Your answer must be the lines from the start of the records through the line with "B221美式ins高街小众百", exactly as written, without the pictures.

_INFORMATION_
======
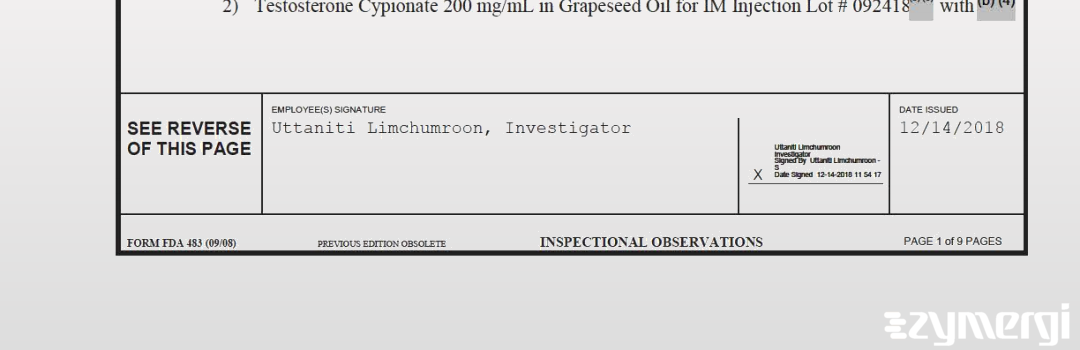 Uttaniti Limchumroon FDA Investigator 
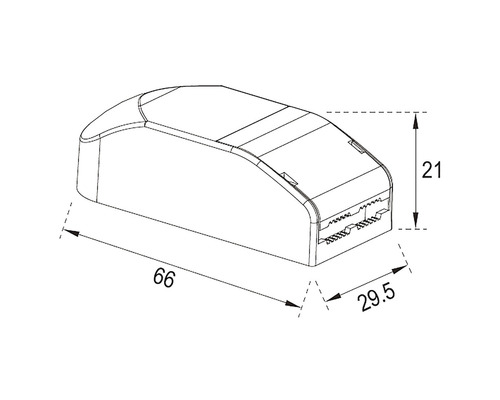 Teknisk ritning av ett elektronikhölje med mått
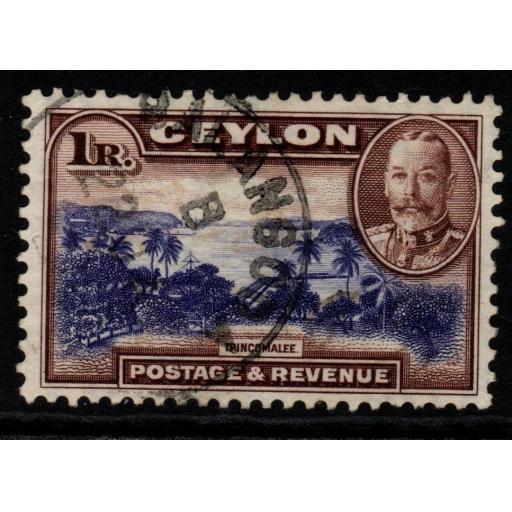 CEYLON SG378 1935 1r VIOLET-BLUE & CHOCOLATE USED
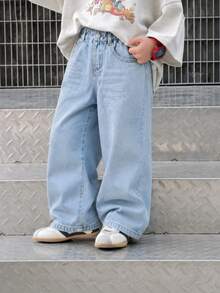 Young BoyDistressed Washed Loose Fit Jeans, Comfortable Cotton Denim Casual Pants For Spring/Summer, Suitable For T-Shirts, Hoodies, Daily Wear, School, Gatherings, Commuting - Light Wash - View 4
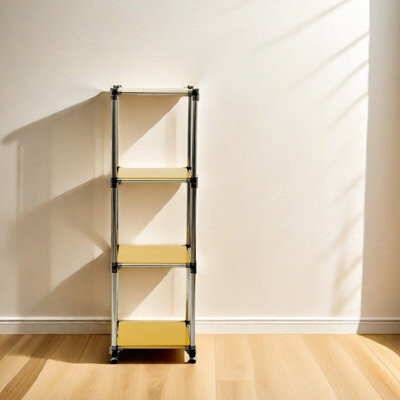 SnugglySolace Yellow 4 - Tier Heavy Duty Stainless Steel Storage Shelving Unit For Indoor And Outdoor Spaces 100Lbs/Shelf 48.25\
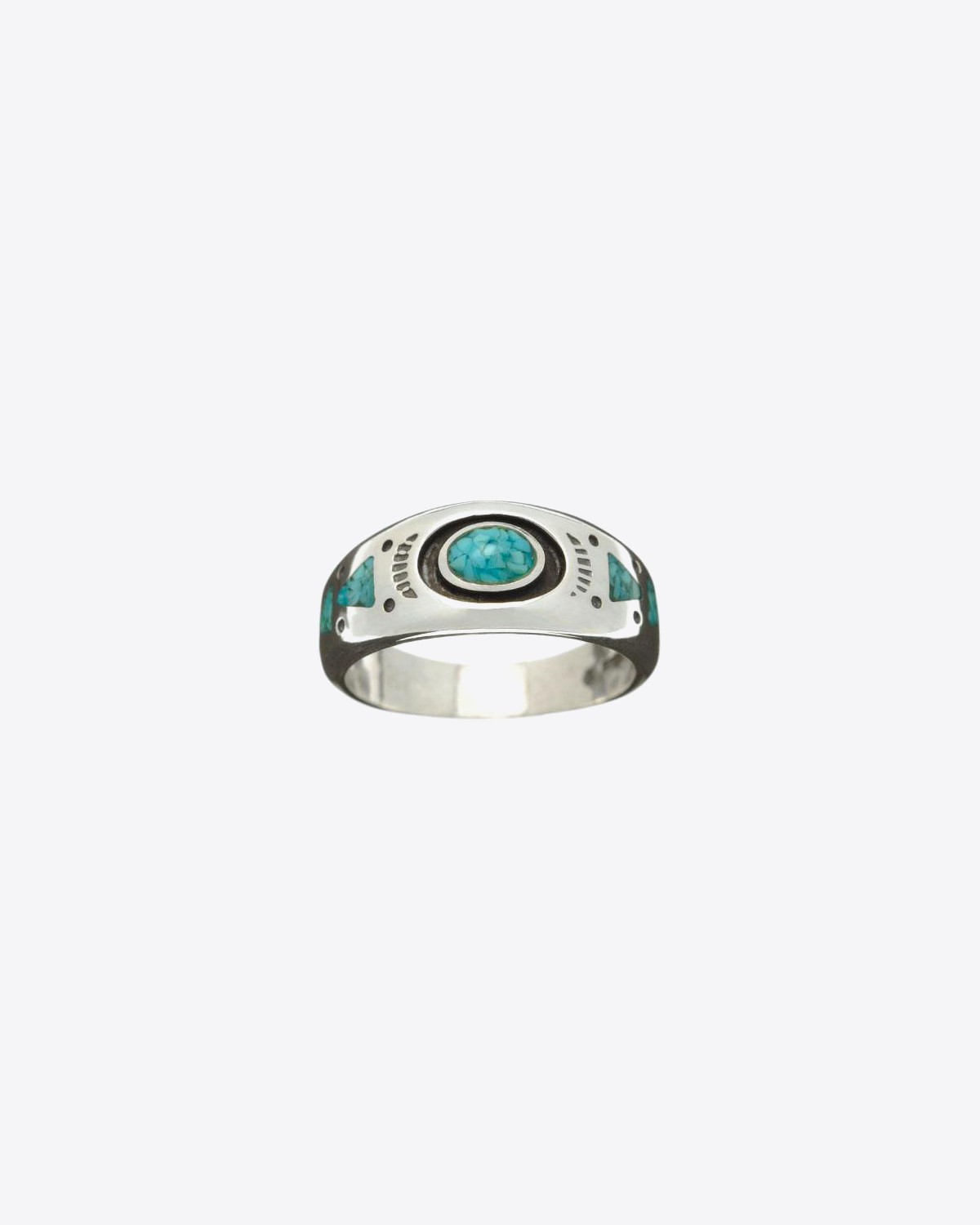 Harpo Permanent Bague Navajo Inlay Ovale Turquoise R150T 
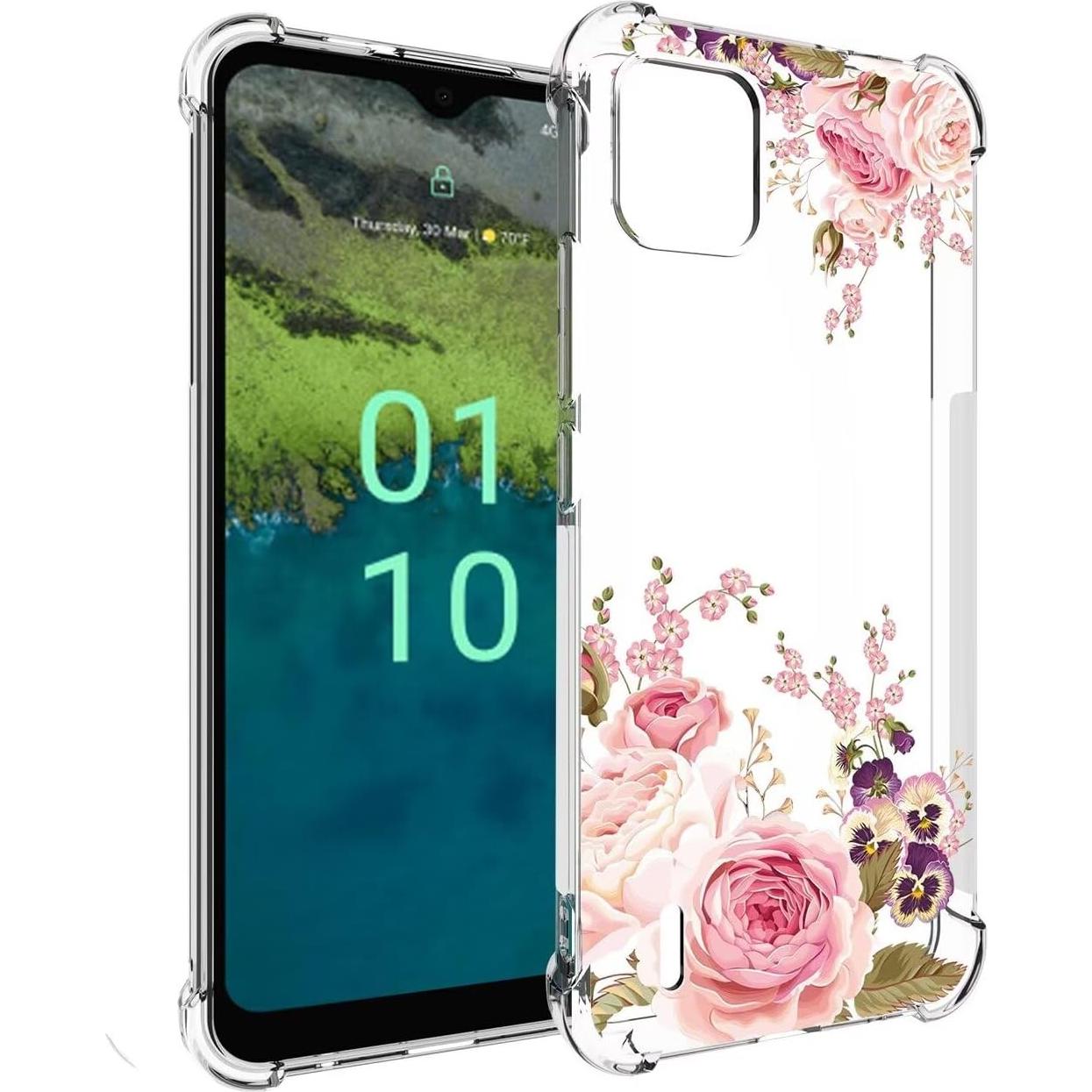 Funda TPU Transparente para Nokia C110 - Flor de Rosa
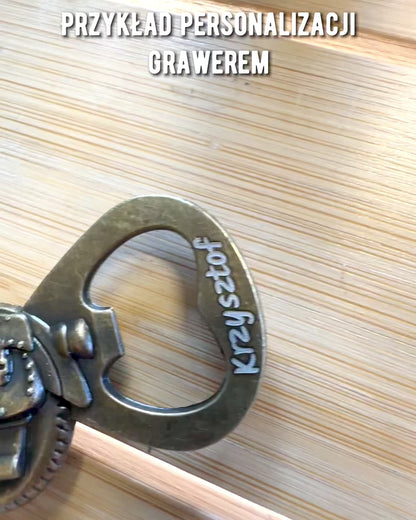 Flesopener in de vorm van een motorfiets - personalisatie met gravure als cadeau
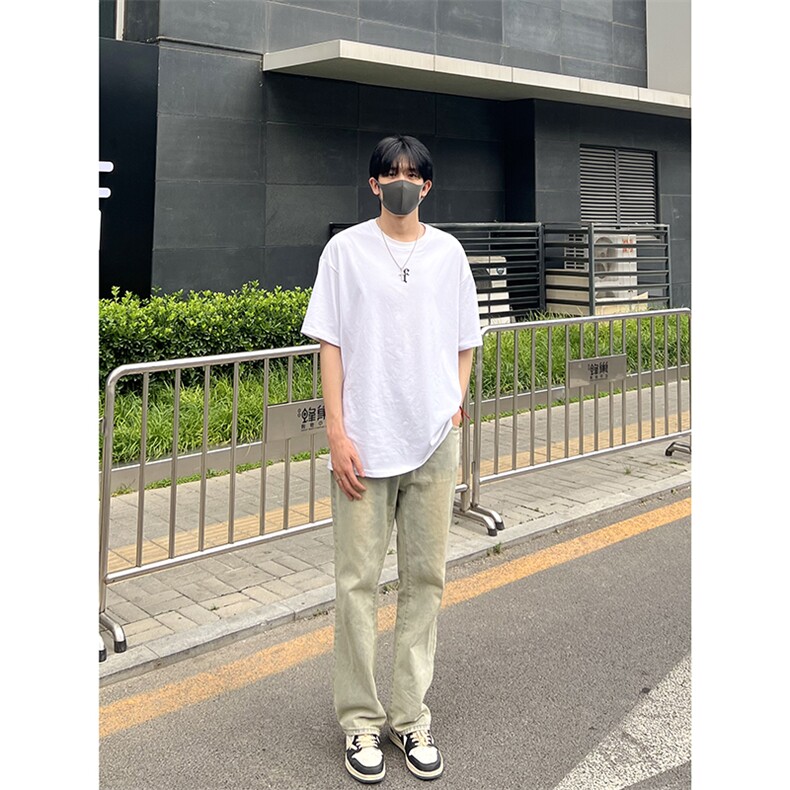 B221美式ins高街小众百搭纯色微喇牛仔裤LK22087-P55控78,男装牛仔裤,电商B221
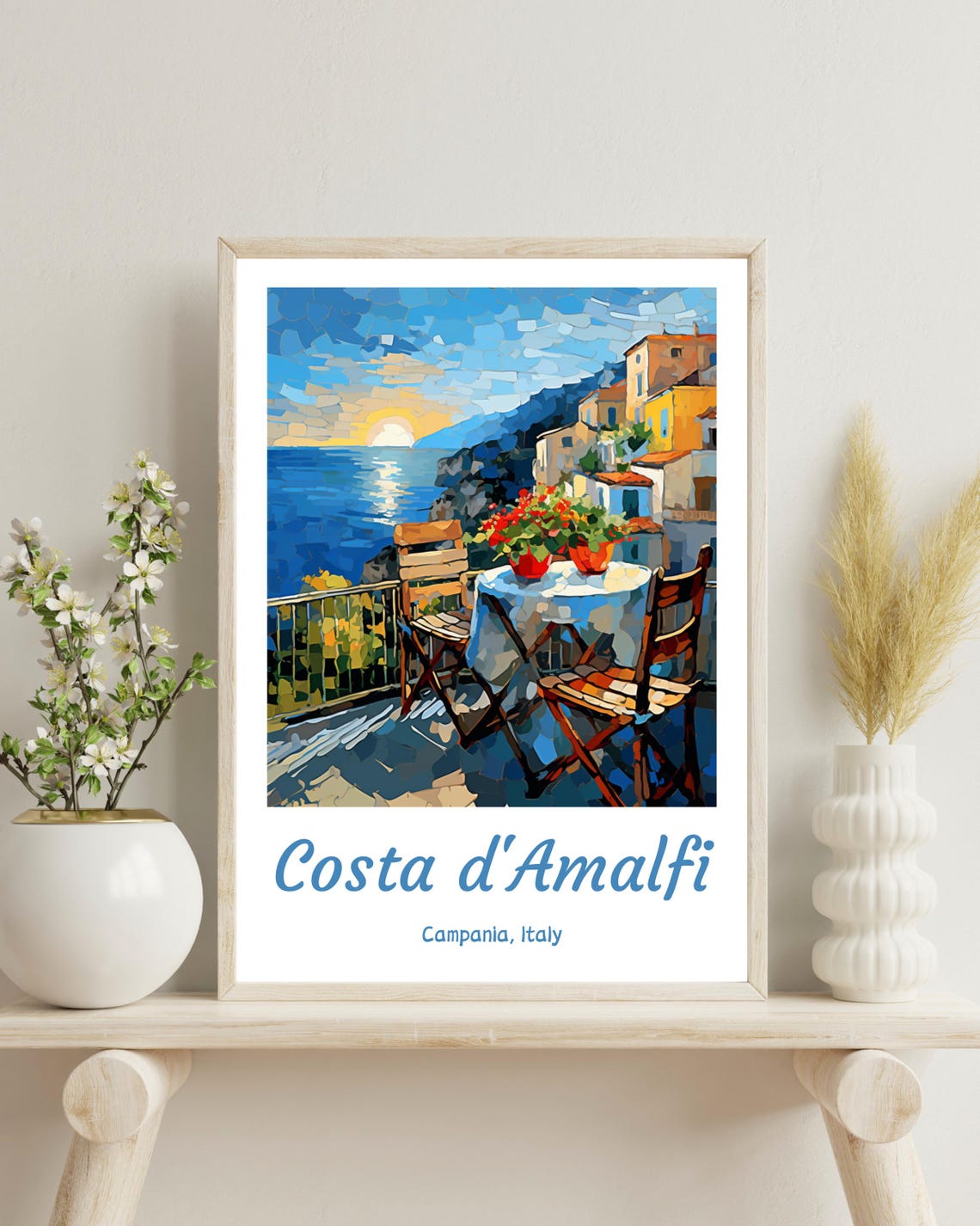 Amalfi Coast Travel Poster, Italy Travel Art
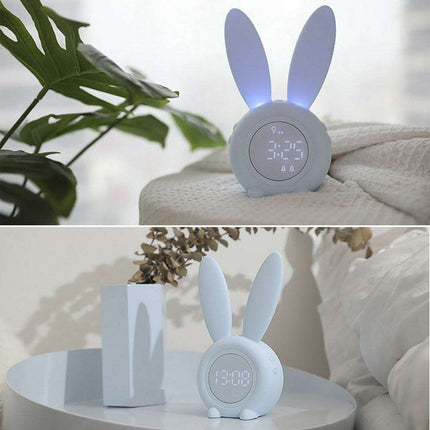 Whimsical Bunny Ear LED Digital Alarm Clock with Sound Control and Multi-Display Features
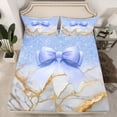 thumbnail image 2 of Castle Fairy Kids Teens Adults Cartoon Ribbon Bow-Tie 4pcs Bed Sheets,Bling Pink Glitter King Sheets,Marble Stone Pattern Super Cozy Sheet Set,Breathable Home Decor, 2 of 7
======
_PROBLEM SOLUTION_
 Uttaniti Limchumroon FDA Investigator 
 Teknisk ritning av ett elektronikhölje med mått
 CEYLON SG378 1935 1r VIOLET-BLUE & CHOCOLATE USED
 Young BoyDistressed Washed Loose Fit Jeans, Comfortable Cotton Denim Casual Pants For Spring/Summer, Suitable For T-Shirts, Hoodies, Daily Wear, School, Gatherings, Commuting - Light Wash - View 4
 SnugglySolace Yellow 4 - Tier Heavy Duty Stainless Steel Storage Shelving Unit For Indoor And Outdoor Spaces 100Lbs/Shelf 48.25\
 Harpo Permanent Bague Navajo Inlay Ovale Turquoise R150T 
 Funda TPU Transparente para Nokia C110 - Flor de Rosa
 Flesopener in de vorm van een motorfiets - personalisatie met gravure als cadeau
 B221美式ins高街小众百搭纯色微喇牛仔裤LK22087-P55控78,男装牛仔裤,电商B221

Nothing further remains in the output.